The TomoCredit Card offers a unique approach for establishing credit. The fintech credit card avoids credit scores or credit history and instead uses a proprietary formula to gauge creditworthiness. The result is an easier entry into credit for immigrants, students, and other young adults.
The company recently announced a new series of fundraising, with over $7 million in new capital from a variety of investors, including venture capitalist firms and Barclays Bank.

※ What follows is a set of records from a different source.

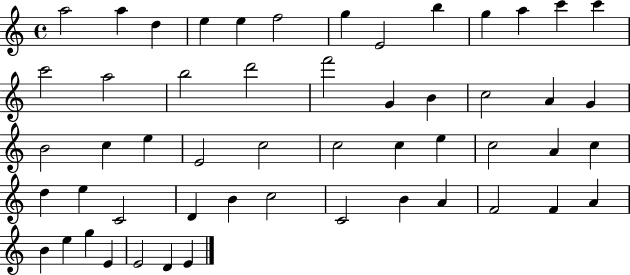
{
  \clef treble
  \time 4/4
  \defaultTimeSignature
  \key c \major
  a''2 a''4 d''4 | e''4 e''4 f''2 | g''4 e'2 b''4 | g''4 a''4 c'''4 c'''4 | \break c'''2 a''2 | b''2 d'''2 | f'''2 g'4 b'4 | c''2 a'4 g'4 | \break b'2 c''4 e''4 | e'2 c''2 | c''2 c''4 e''4 | c''2 a'4 c''4 | \break d''4 e''4 c'2 | d'4 b'4 c''2 | c'2 b'4 a'4 | f'2 f'4 a'4 | \break b'4 e''4 g''4 e'4 | e'2 d'4 e'4 | \bar "|."
}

TomoCredit Card a New Approach at Building Credit
TomoCredit, a fintech startup, is seeking to change the way people build credit. The company, founded in 2019 by two foreign-born entrepreneurs, hopes to create a solution for other foreign-born individuals and young adults facing challenges getting approved for credit cards, loans, or other lending products.
TomoCredit is a unique credit card issued by FDIC member bank, Community Federal Savings Bank. The card operates under a debit payment system. Users make payments on a weekly automated payment schedule. This allows for no fees or purchase APR.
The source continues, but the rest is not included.